## EXERCISE BRIEF
Nothing but a verbatim copy of the data, minus the images, should be returned.

## RECORDED DATA
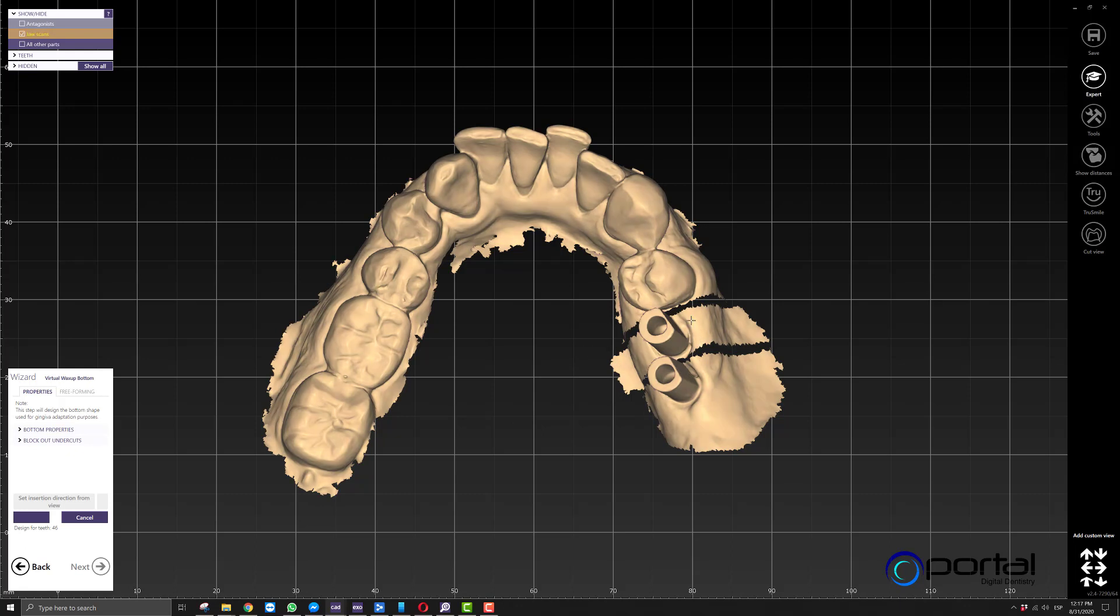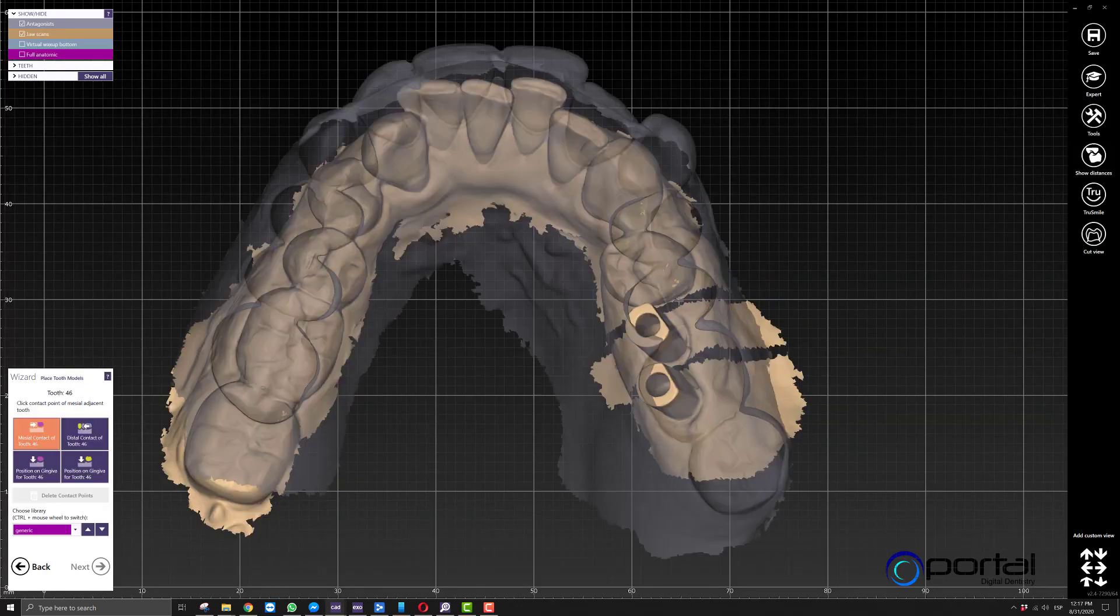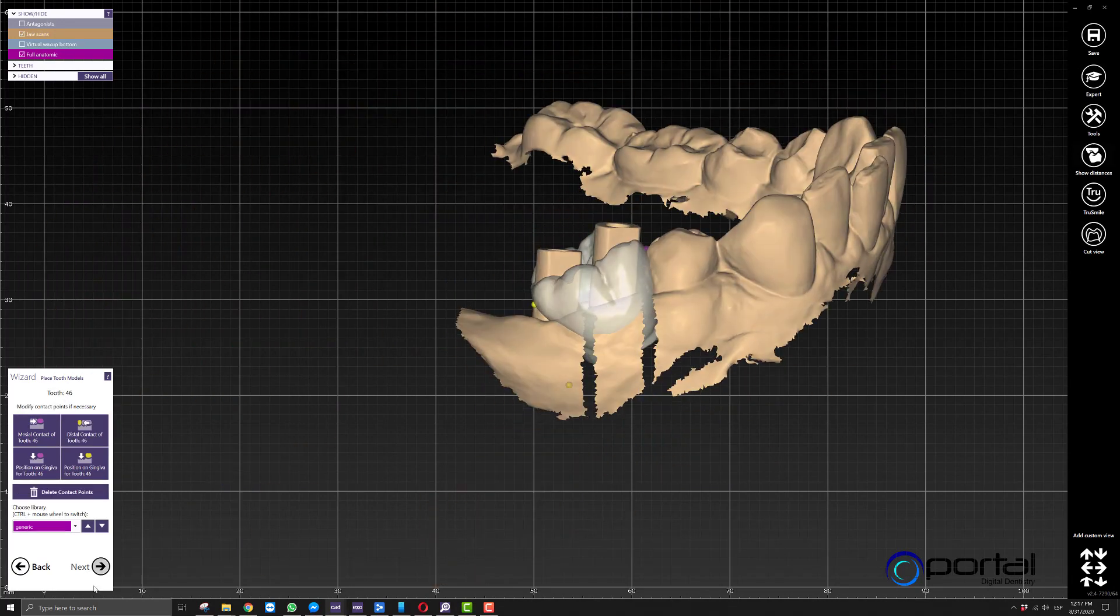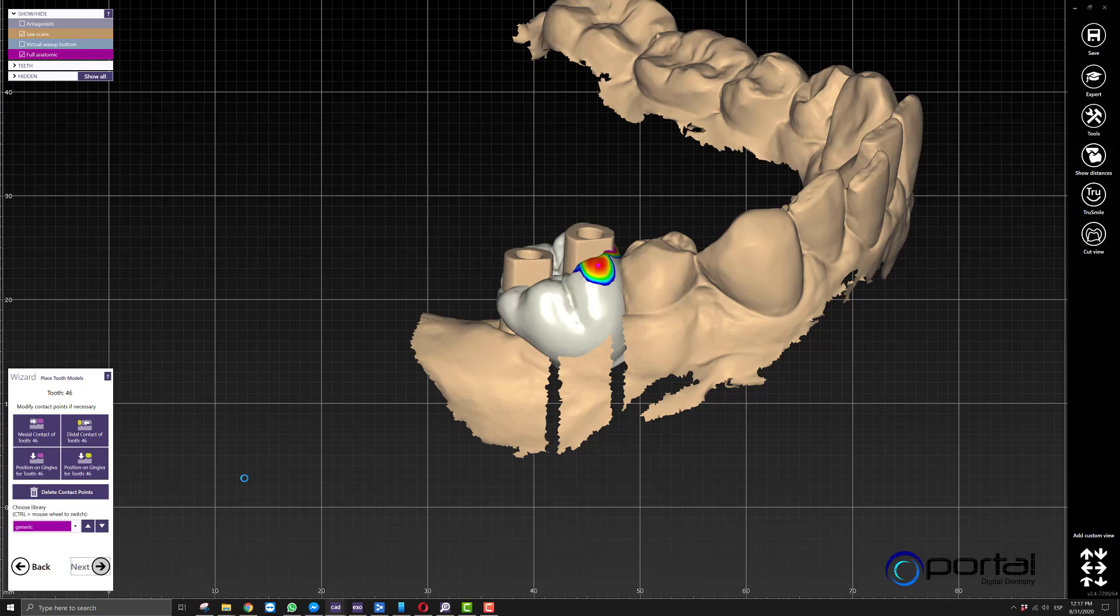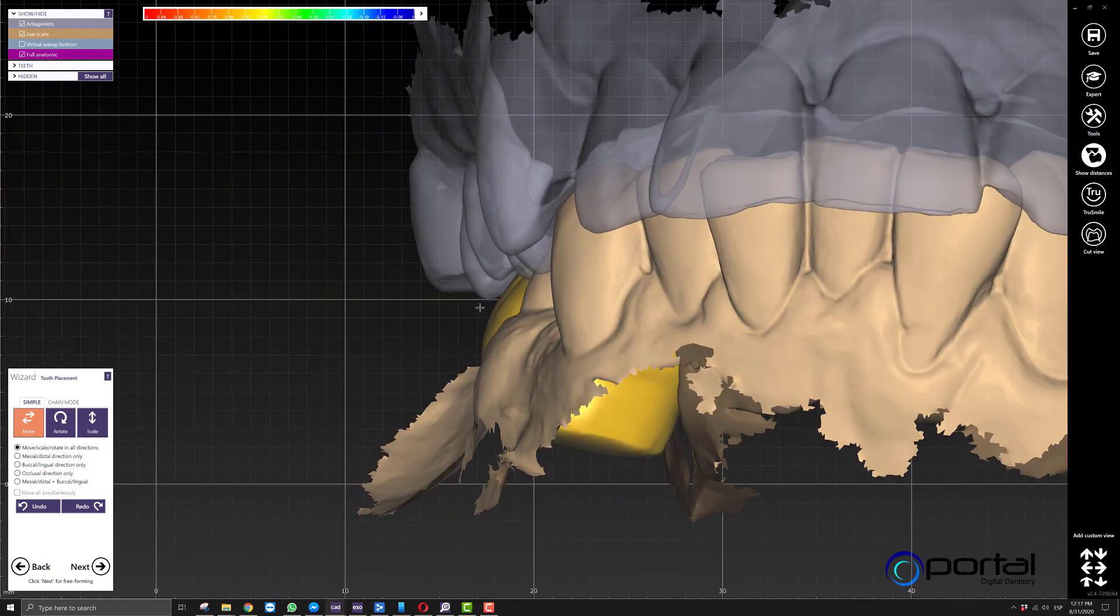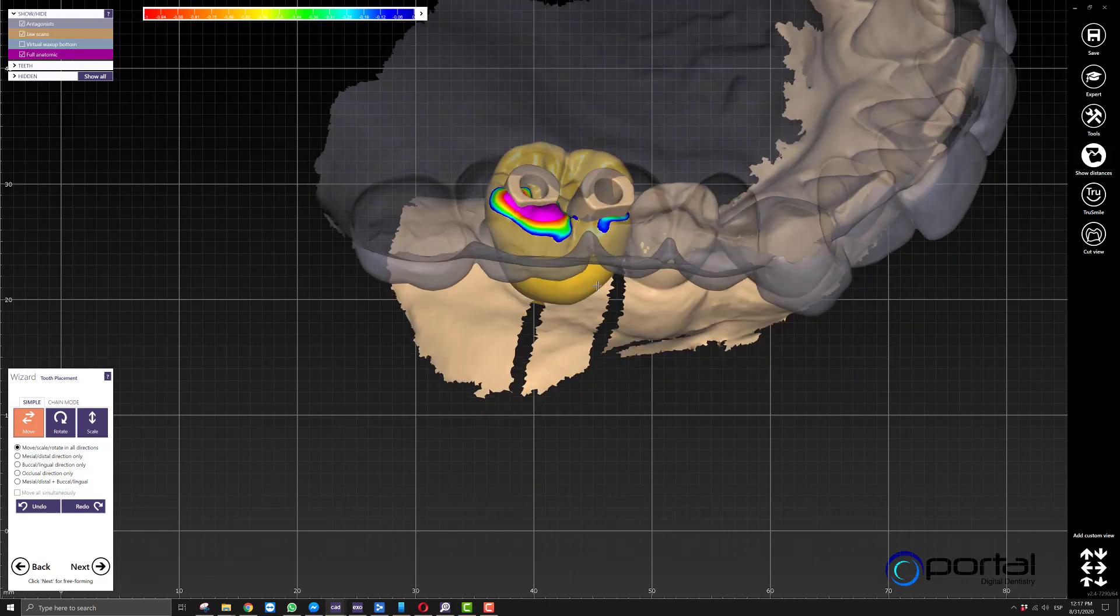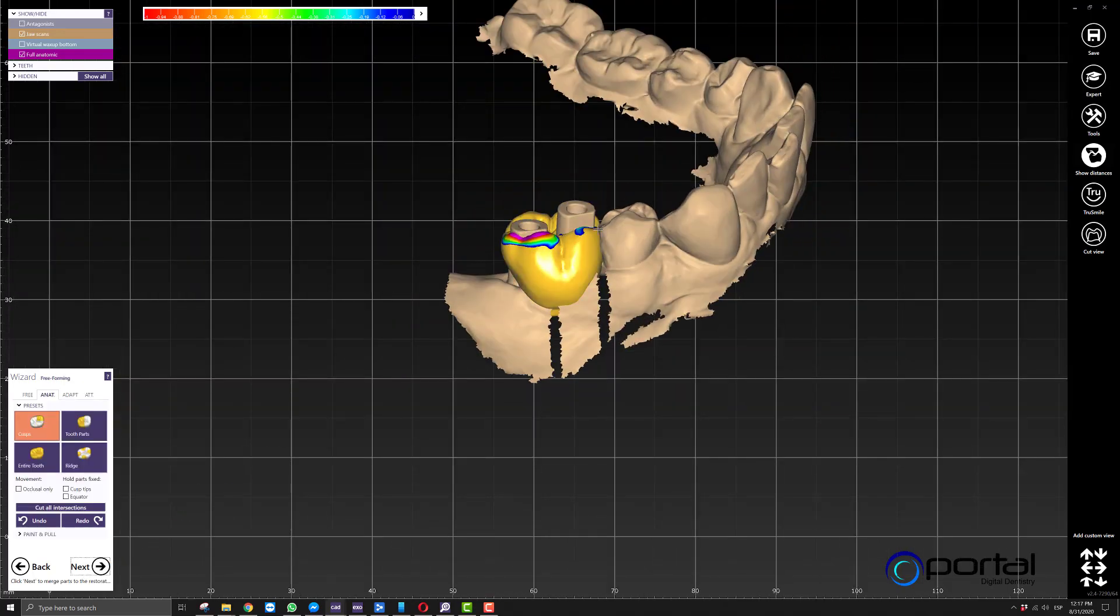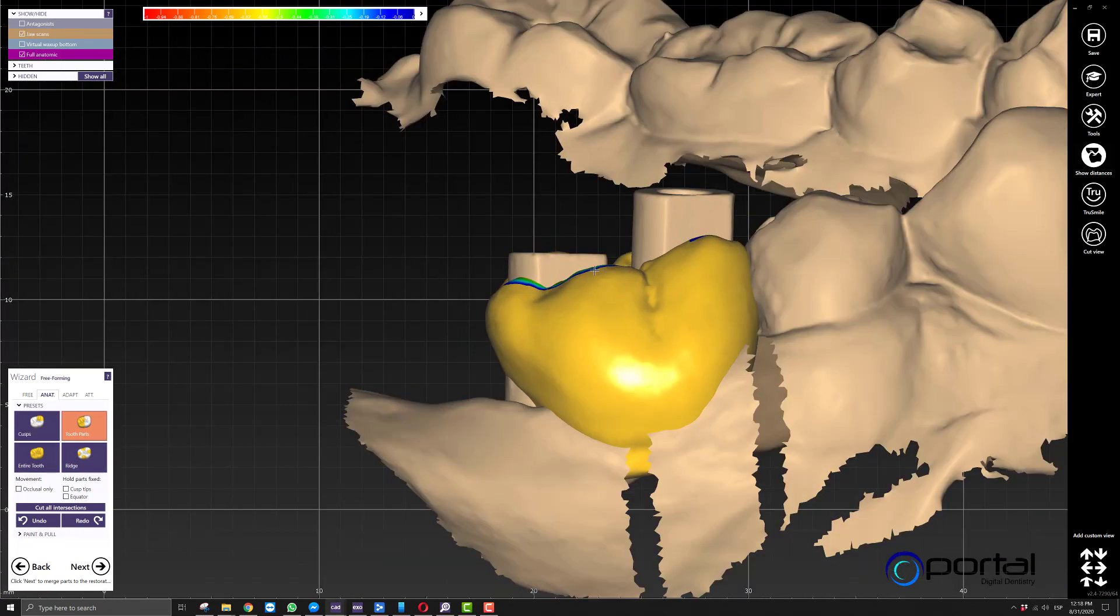Once this is done, we'll get to the step where we'll place our pontic. It will take a bit of time to make sure that's looking great. I'm not going to be overly picky here for demo purposes. In this step, we want to get as close as possible to what the final product should look like, so we'll make sure our occlusion is correct. For demo purposes, we'll assume this is perfect.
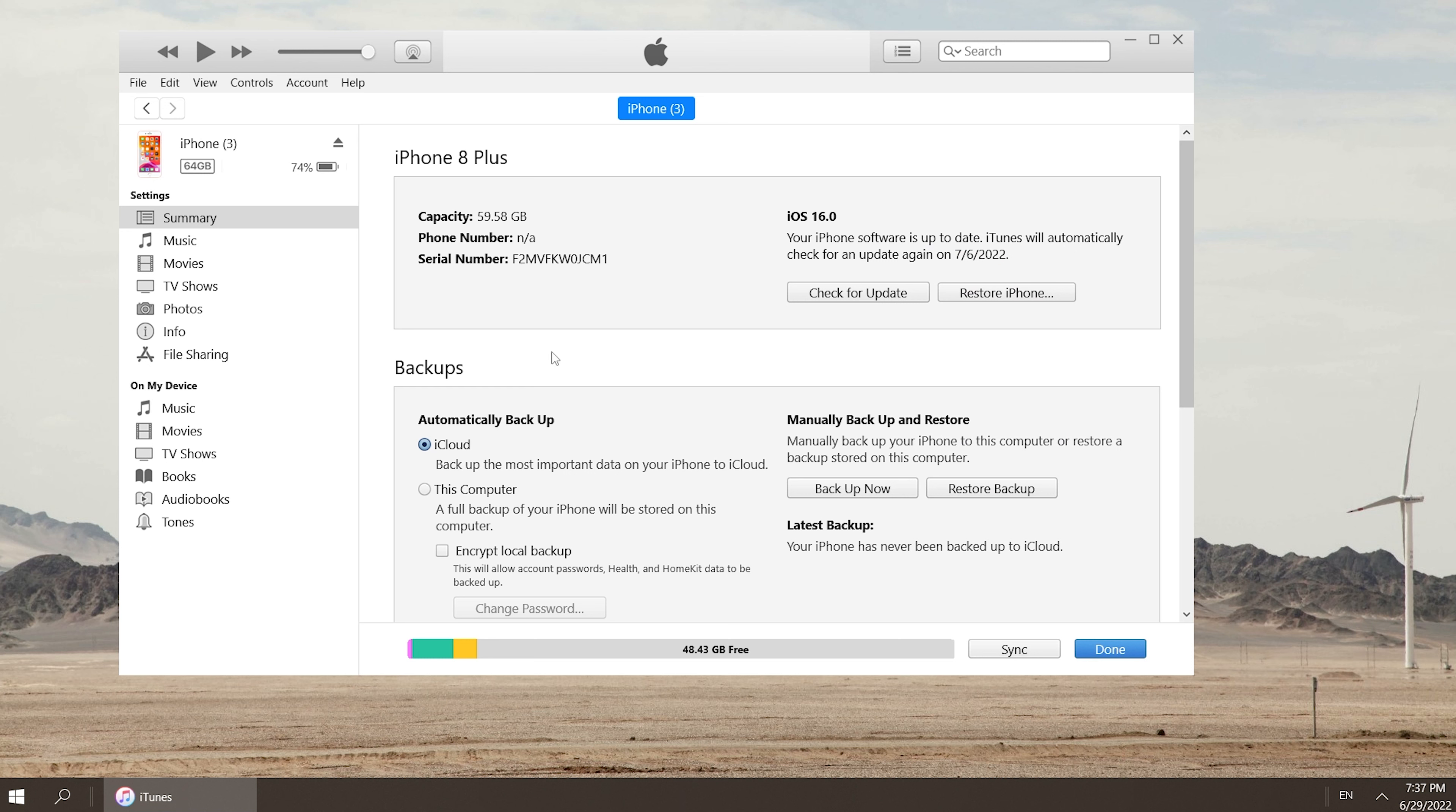It is recommended to backup your data to this computer. Then click Backup Now, and you need to wait a while.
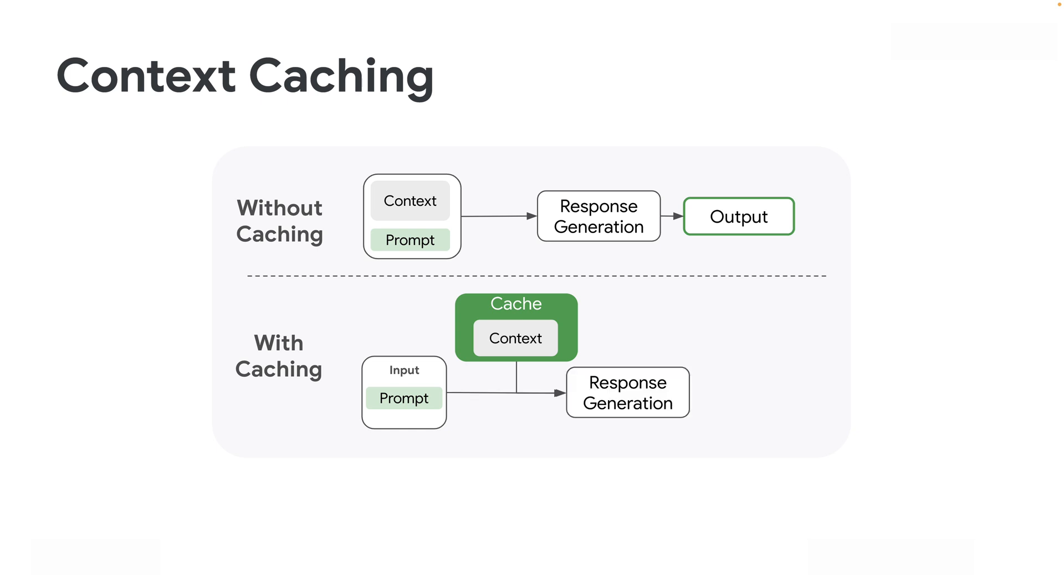The response is generated and you get an output just like before, but the cached context costs much less in terms of price per character or per token.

## TASK ANSWER
Once this is done, we'll get to the step where we'll place our pontic. It will take a bit of time to make sure that's looking great. I'm not going to be overly picky here for demo purposes. In this step, we want to get as close as possible to what the final product should look like, so we'll make sure our occlusion is correct. For demo purposes, we'll assume this is perfect.
It is recommended to backup your data to this computer. Then click Backup Now, and you need to wait a while.
The response is generated and you get an output just like before, but the cached context costs much less in terms of price per character or per token.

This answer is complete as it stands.